Our first class session revealed much in terms of the vast range of technological literacy(s) among us that may represent the technological literacy of society at large.  But our trepidations with using computers—nowadays more so with various software/programs/applications than actual hardware—are rather difficult to pin down.  In any historical trajectory, the first place we tend to go to is to look at how Plato, in his Socratic dialogue Phaedrus, is anxious of the new technology of writing, and what it does to the originary speech.  As Walter Ong asserts in citing himself, “Plato’s objections against writing are essentially the very same objections commonly urged today against computers by those who object to them” (“Writing is a Technology” 27).  Because he’s a preeminent scholar of orality, I’m inclined to believe Ong’s analysis—after all, he had spent his whole academic career researching the subject.  However, because he is the same scholar who has made backhanded comments on Native American oral communication in saying that:

There is hardly an oral culture or a predominantly oral culture left in the world today that is not somehow aware of the vast complex powers forever inaccessible without literacy.  This awareness is agony for persons rooted in primary orality, who want literacy passionately but who also know very well that moving into the exciting world of literacy means leaving behind much that is exciting and deeply loved in the earlier oral world.  We have to die to continue living” (Orality and Literacy 15),

I’m not sure that I trust his analysis completely.  Besides the absolutism that Condescends-Other-Cultures prescribes for orality and textuality, his theory here is presumptive in the melodramatic “agony” of oral folk of which he is not a part, not to mention fatalistic in their assimilation due to inability to survive otherwise.  Another reason Ong’s theories are problematic is that they tend to overlook what happens in between Plato’s 4th century B.C.E. and today.
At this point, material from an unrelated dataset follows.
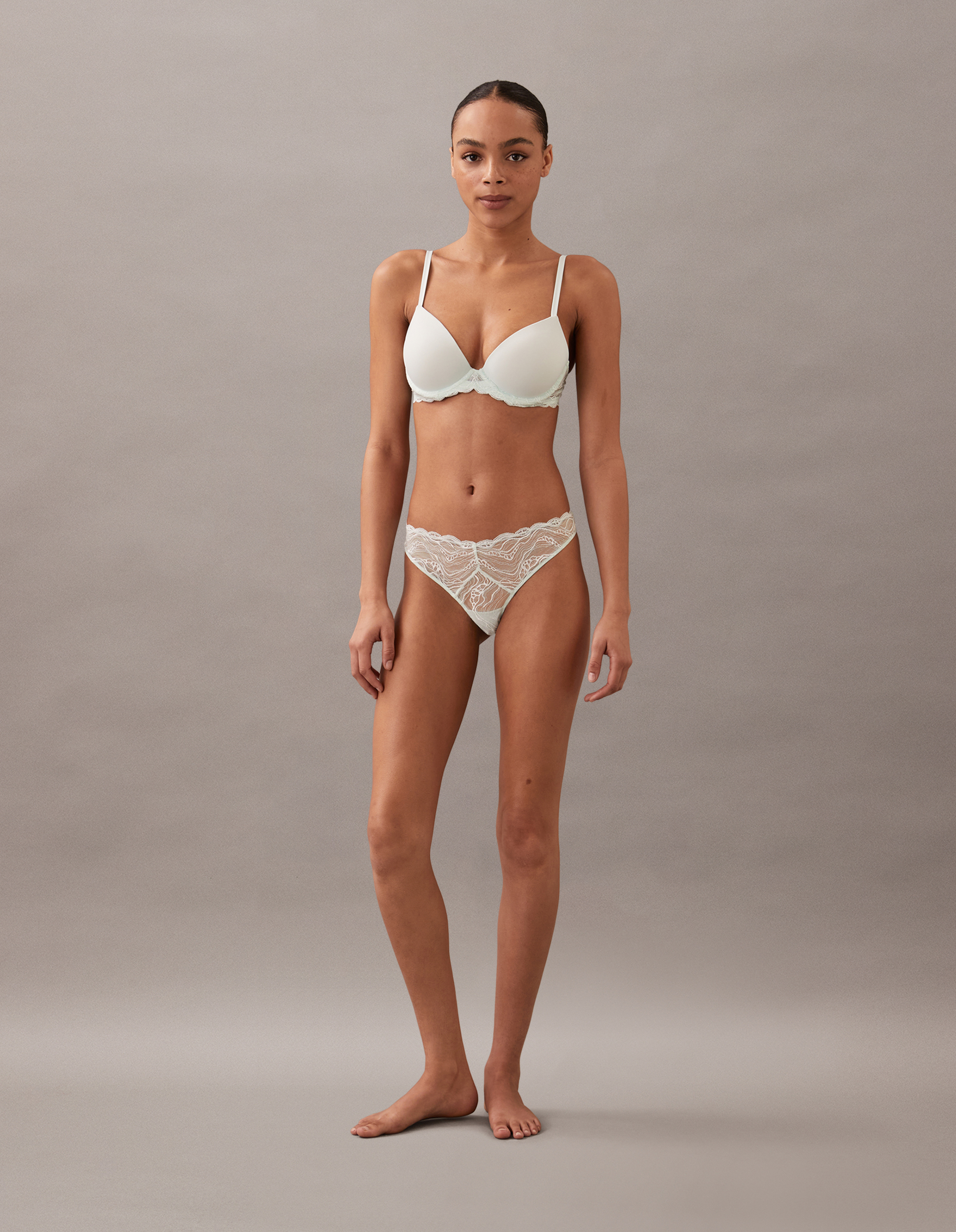 Sensual Stretch Lace Bikini Briefs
On the other hand, a more grounded look into the various nuances of textuality’s evolutions can be found in the work of Dennis Barron, who says that “the computer is simply the latest step in a long line of writing technologies” (“Literacy and Access” 118).  Barron takes us through an evolution of tools from the pencil to the telephone to the computer, and even provides a study of their original utilities, which apparently were not meant to be as writing utensils.  Just like previous technologies, he suggests, the computer was originally intended for more mathematical computations, and not necessarily invented to be conducive of reading/writing/literacy.

The biggest difference seems to be that using computers for literacy activities is more multimodal in terms of the number of skills that we have to use.  Reading a book, writing with a pencil, or speaking on the telephone are relatively more simple tasks and modalities compared to learning how to navigate course management systems such as Moodle or blogging on WordPress.  To jump on Barron’s idea, this is “the flexibility of digitised text” (117).  If the pencil and telephone are modern inventions, the computer and interwebs are postmodern inventions.  The difficulty we have with teaching writing in a digital age, then, is that we’re not just learning how to hold a new tool with our fingers to write cursive or speak clearly into the correct end of the tool, but we are learning to be aware of available navigation from link to link in doing our research, or the many Microsoft Word icons and features that do various tasks, and must constantly, because of their rapid creation, not only learn our way around new software and digital applications, but also (re)learn updated versions of existing ones dot dot dot.